Si votre resto préféré est un endroit bruyant, chaleureux et bon enfant, un refuge douillet et décontracté où la générosité du chef rejaillit dans sa gouaille et ses assiettes, alors vous allez vous régaler ! Au menu : 25 ans d’histoire d’une légende qui est à l’automobile ce que la côte de bœuf béarnaise est à la gastronomie.
Depuis les premières autos assemblées à la main dans l’usine de Flint, en 1953, la Corvette s’est écoulée à plus de 1,7 million d’exemplaires à travers le monde, ce qui en fait la voiture de sport la plus vendue de tous les temps, loin, très loin devant la 911 et ses 1,1 million d’unités. Comme Porsche, Chevrolet a bâti ce succès sur une politique ultra-conservatrice, avant de faire sa révolution au moment de concevoir la huitième génération, lancée en 2020.

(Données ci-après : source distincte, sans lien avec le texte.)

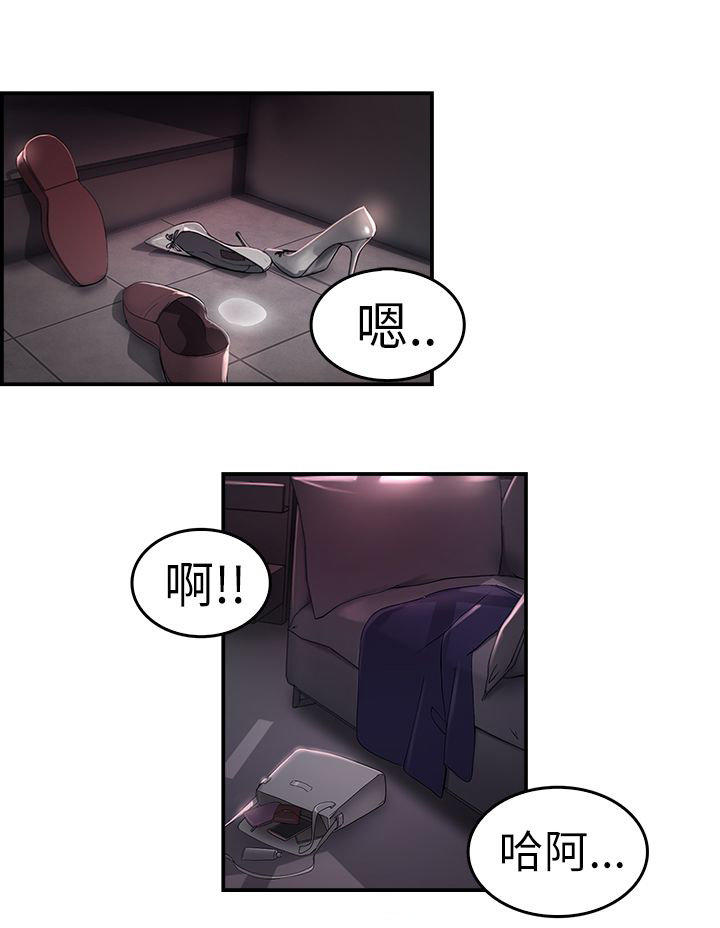 分手那些事 第9话 第20页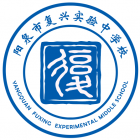 陽泉市礦區(qū)復(fù)興實(shí)驗(yàn)中學(xué)校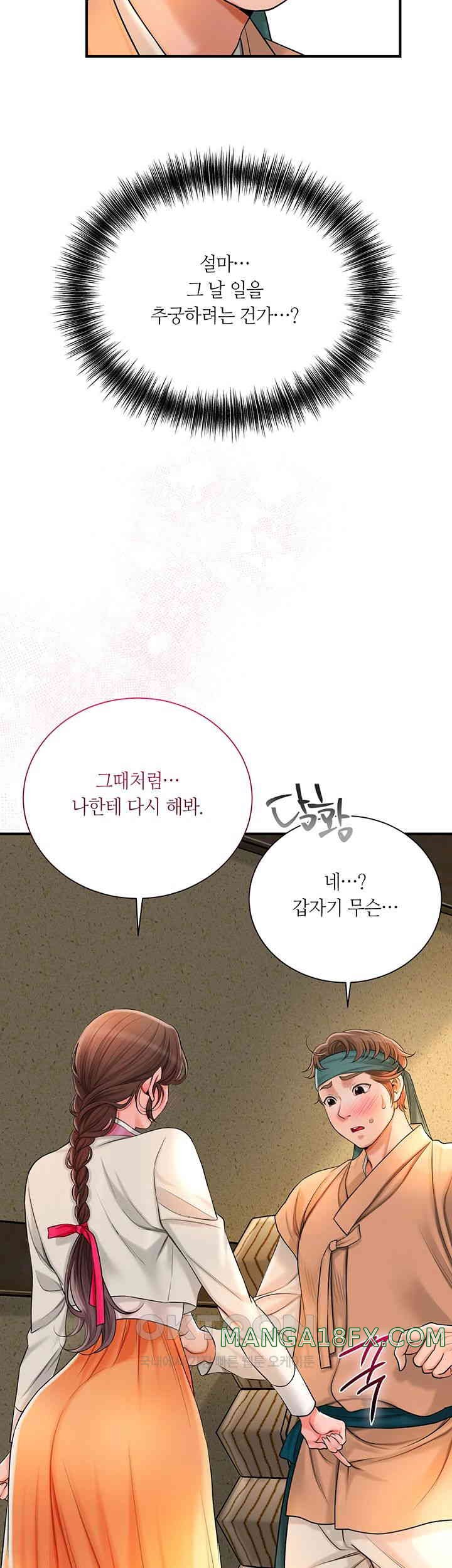 Brothel Raw - Chapter 11 [photo 31] - MangaPorn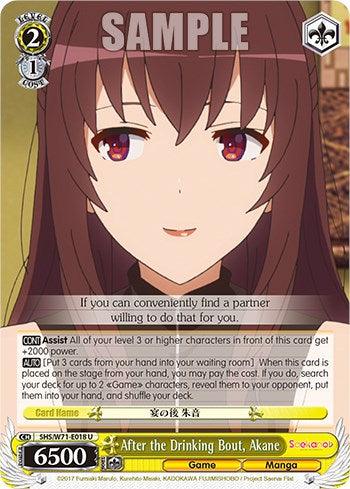 After the Drinking Bout, Akane [Saekano How to Raise a Boring Girlfriend. flat] - POKÉ JEUX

La migration du V8 à l’arrière et les bouleversements dynamiques, stylistiques et philosophiques qui en découlent ne semblent pas provoquer de colère mais plutôt une forme d’indifférence chez nos trois invités. Véronique, Arnaud et Laurent vont pouvoir essayer la C8 Stingray sur notre piste de référence, mais c’est moins ce privilège que le plaisir de partager leur passion qui semble avoir motivé leur présence à Magny-Cours. Ils ont bravé le froid glacial de ce matin de décembre pour participer à cette réunion de famille regroupant les quatre dernières générations de Corvette. Nous ne sommes pas remontés plus loin, d’une part pour des questions d’ordre bassement pratique, et de l’autre car même si l’importation pseudo-officielle sur nos terres commença au milieu de la carrière de la C4 (LT1 de 1992), on peut considérer la C5 comme la première vraie “européenne” de la lignée.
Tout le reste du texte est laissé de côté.